• Your assignment: An exact reproduction of all the data is needed, with no images in it.

• Data provided:
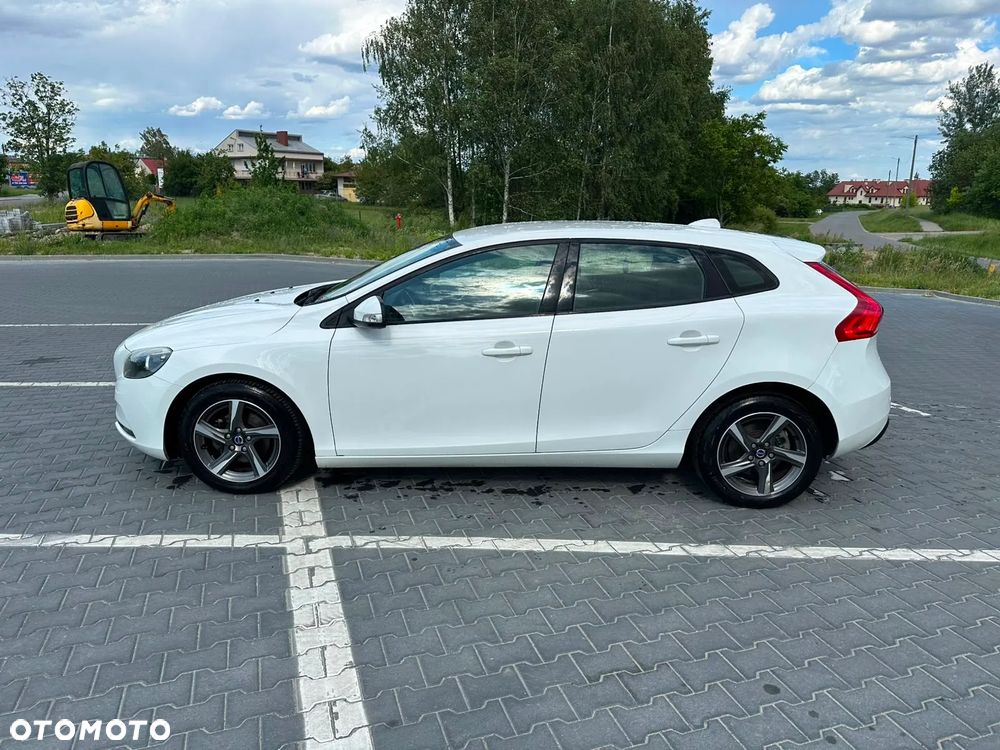 Volvo V40 D2 Momentum - 3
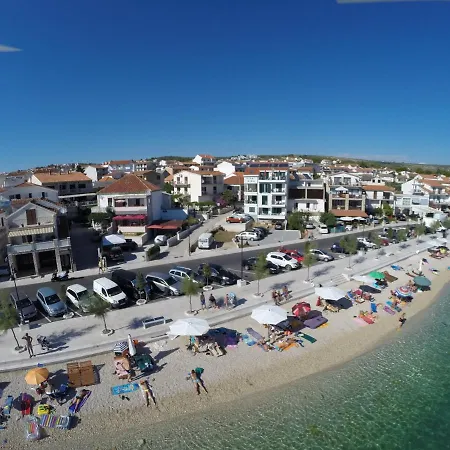 Appartement Beachfront Sisa
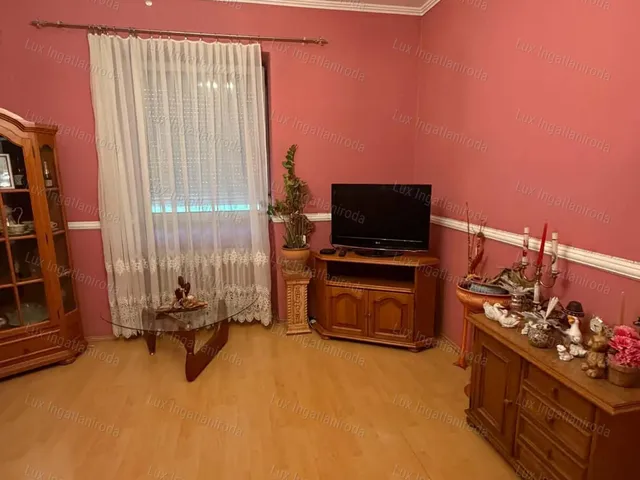 Eladó lakás Oroszlány 53 nm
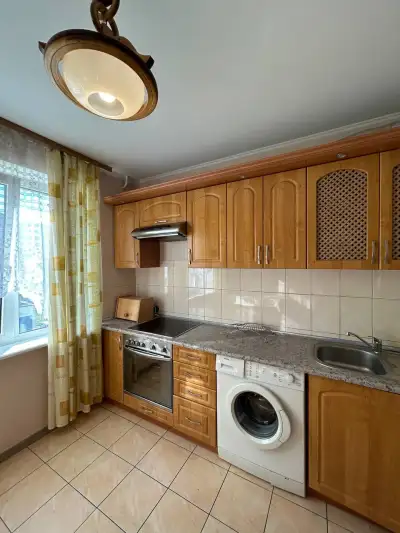 Брест, Октябрьской Революции, 3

• Response box:
 Volvo V40 D2 Momentum - 3
 Appartement Beachfront Sisa
 Eladó lakás Oroszlány 53 nm
 Брест, Октябрьской Революции, 3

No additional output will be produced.